Arrêt de la Cour (première chambre) du 19 novembre 1998. – Parlement européen contre Enrique Gutiérrez de Quijano y Lloréns. – Pourvoi – Procédure devant le Tribunal – Interdiction de moyens nouveaux – Applicabilité au Tribunal – Fonctionnaires – Transfert interinstitutionnel. – Affaire C-252/96 P.

Par un arrêt du 5 juin 1998, la Cour de justice des Communautés européennes se prononce sur l’étendue des pouvoirs du juge communautaire au regard des règles de procédure encadrant le débat contentieux. En l’espèce, un fonctionnaire d’une institution communautaire avait sollicité son transfert vers une autre institution, sur un poste d’interprète vacant. Sa candidature, bien qu’unique, fut rejetée. Par la suite, l’institution a pourvu le poste en recourant aux lauréats d’un concours général, dont l’avis avait été publié antérieurement à l’avis de transfert. Le fonctionnaire a alors saisi le Tribunal de première instance d’un recours en annulation contre la décision de rejet de sa candidature, en invoquant notamment la violation des règles de priorité de recrutement prévues à l’article 29 du statut des fonctionnaires.

Le Tribunal de première instance a accueilli le recours et annulé la décision attaquée. Pour ce faire, il a constaté que l’avis de transfert et l’avis de concours général, bien que visant le même poste, contenaient des conditions de participation différentes, l’avis de transfert étant plus exigeant. Il a jugé que cette discordance constituait une irrégularité procédurale, en violation de l’article 29 du statut. L’institution a alors formé un pourvoi devant la Cour de justice, soutenant que le Tribunal avait statué au-delà de ses pouvoirs en soulevant d’office ce moyen tiré de la non-concordance des avis, alors que le fonctionnaire ne l’avait jamais invoqué, contrevenant ainsi à l’article 48, paragraphe 2, de son règlement de procédure qui interdit la production de moyens nouveaux en cours d’instance.

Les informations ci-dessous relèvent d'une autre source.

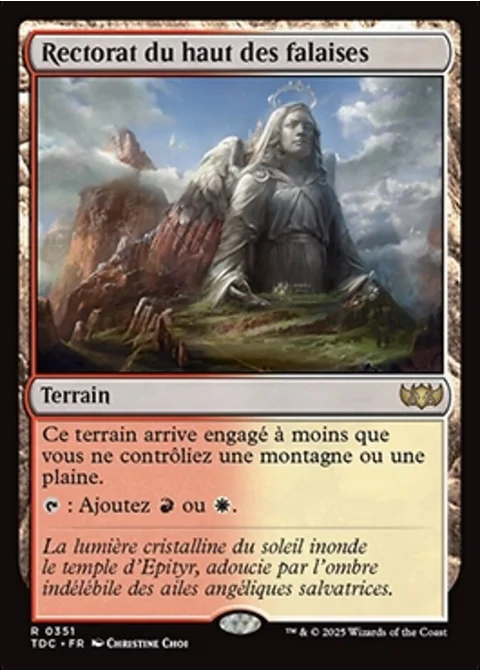 Rectorat du haut des falaises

La question de droit posée à la Cour de justice était donc de déterminer si la règle interdisant aux parties la production de moyens nouveaux en cours d’instance s’impose également au juge, lui défendant ainsi de fonder sa décision sur un argument de droit non soulevé par les plaideurs. La Cour de justice répond par la négative et rejette le pourvoi, considérant que cette interdiction procédurale ne lie que les parties au litige et non le juge lui-même. Elle ajoute que, en tout état de cause, l’argument du Tribunal ne constituait pas un moyen nouveau, mais un simple développement de son raisonnement juridique pour motiver sa décision au regard du moyen, bien soulevé celui-ci, tiré de la violation de l’article 29 du statut.

La solution retenue par la Cour de justice clarifie la distinction entre les obligations procédurales des parties et l’office du juge (I), consacrant par là même la portée du rôle actif de ce dernier dans l’application de la règle de droit (II).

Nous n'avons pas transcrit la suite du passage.